Records from a data source:
═══
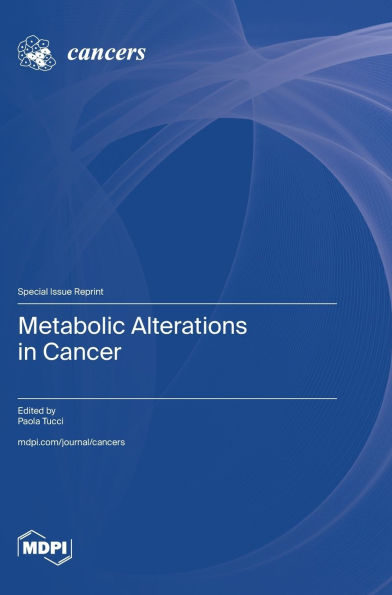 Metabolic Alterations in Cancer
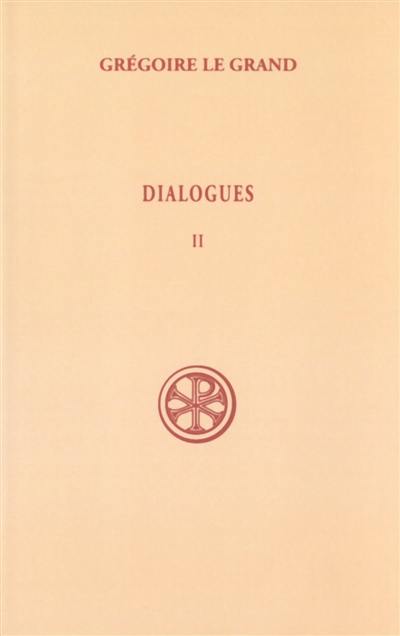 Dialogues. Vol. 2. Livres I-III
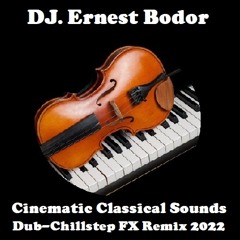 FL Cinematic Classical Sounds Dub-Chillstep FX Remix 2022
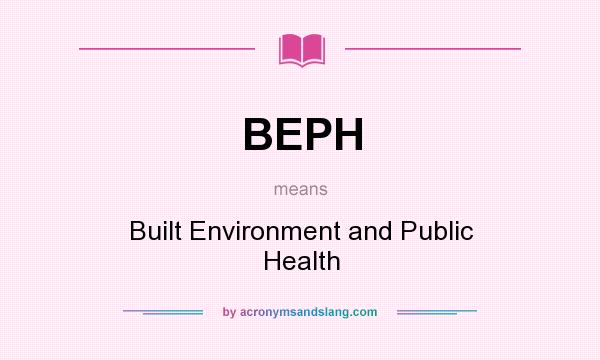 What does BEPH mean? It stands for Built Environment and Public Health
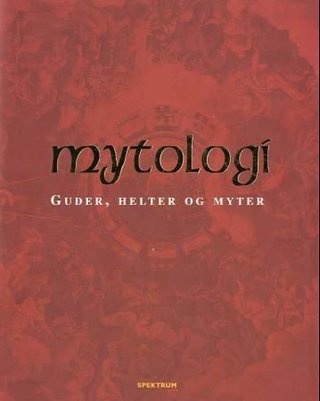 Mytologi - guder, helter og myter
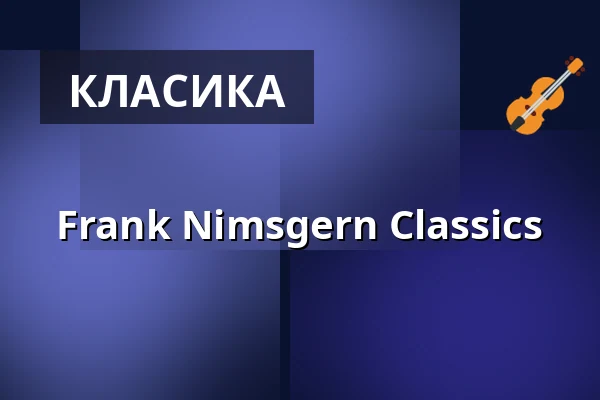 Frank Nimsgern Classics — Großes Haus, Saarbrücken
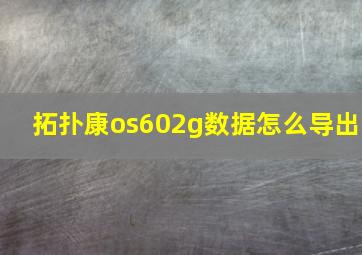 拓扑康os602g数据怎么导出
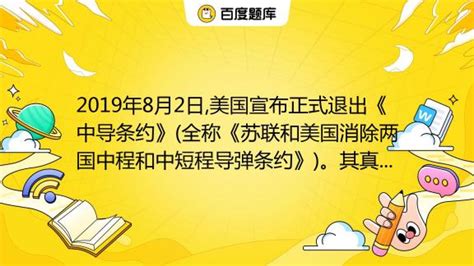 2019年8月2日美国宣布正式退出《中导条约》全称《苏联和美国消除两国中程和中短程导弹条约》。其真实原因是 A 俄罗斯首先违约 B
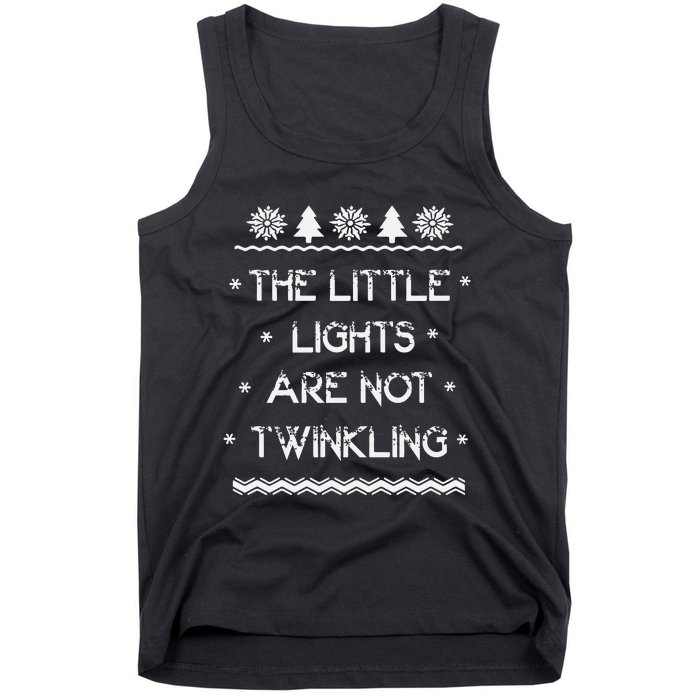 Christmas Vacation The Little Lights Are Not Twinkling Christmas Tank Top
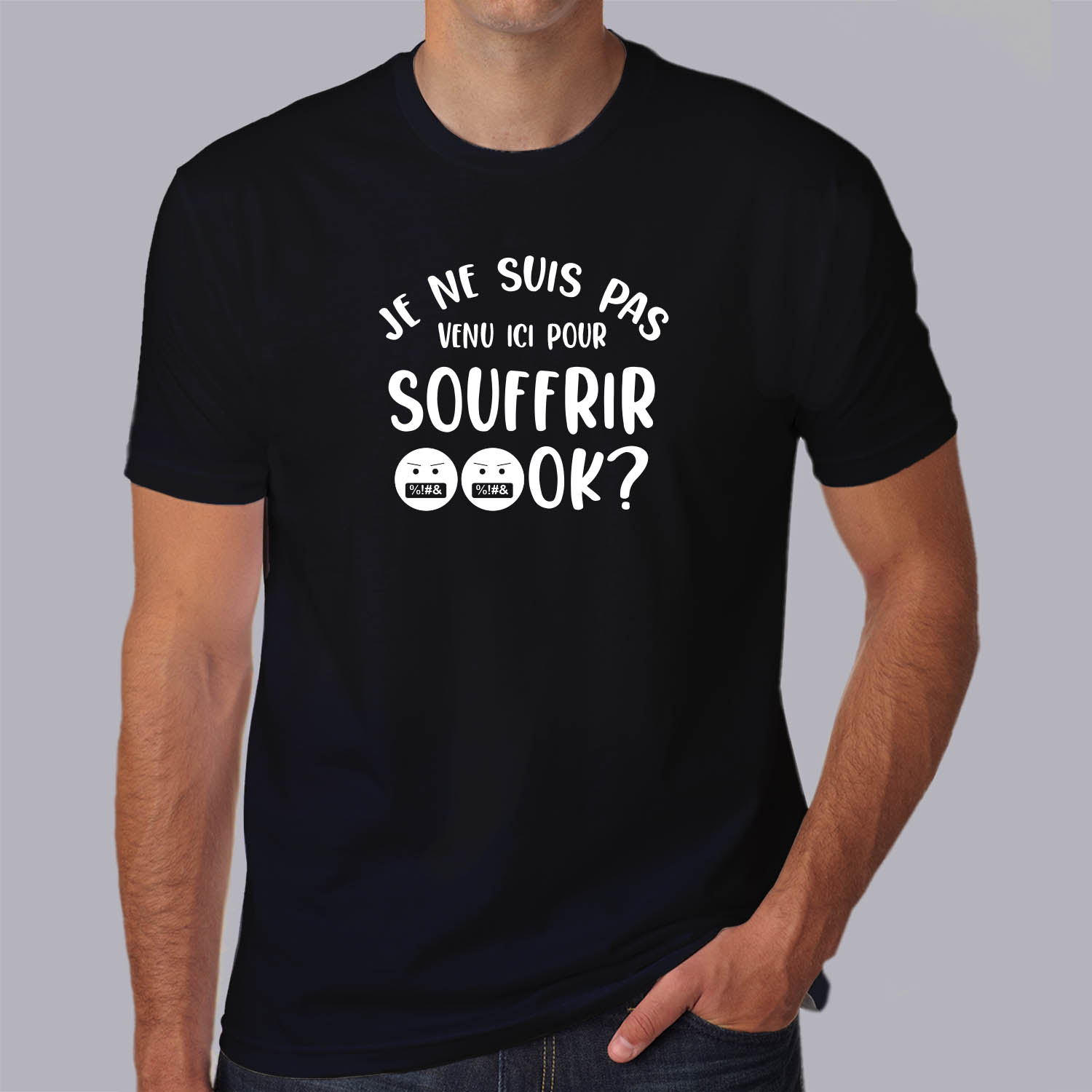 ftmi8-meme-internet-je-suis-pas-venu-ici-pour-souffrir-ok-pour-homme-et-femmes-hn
═══
> _EXERCISE DESCRIPTION_: Each entry above should come back word for word, and no picture should come with it.

> _WRITTEN ANSWER_:
 Metabolic Alterations in Cancer
 Dialogues. Vol. 2. Livres I-III
 FL Cinematic Classical Sounds Dub-Chillstep FX Remix 2022
 What does BEPH mean? It stands for Built Environment and Public Health
 Mytologi - guder, helter og myter
 Frank Nimsgern Classics — Großes Haus, Saarbrücken
 拓扑康os602g数据怎么导出
 2019年8月2日美国宣布正式退出《中导条约》全称《苏联和美国消除两国中程和中短程导弹条约》。其真实原因是 A 俄罗斯首先违约 B
 Christmas Vacation The Little Lights Are Not Twinkling Christmas Tank Top
 ftmi8-meme-internet-je-suis-pas-venu-ici-pour-souffrir-ok-pour-homme-et-femmes-hn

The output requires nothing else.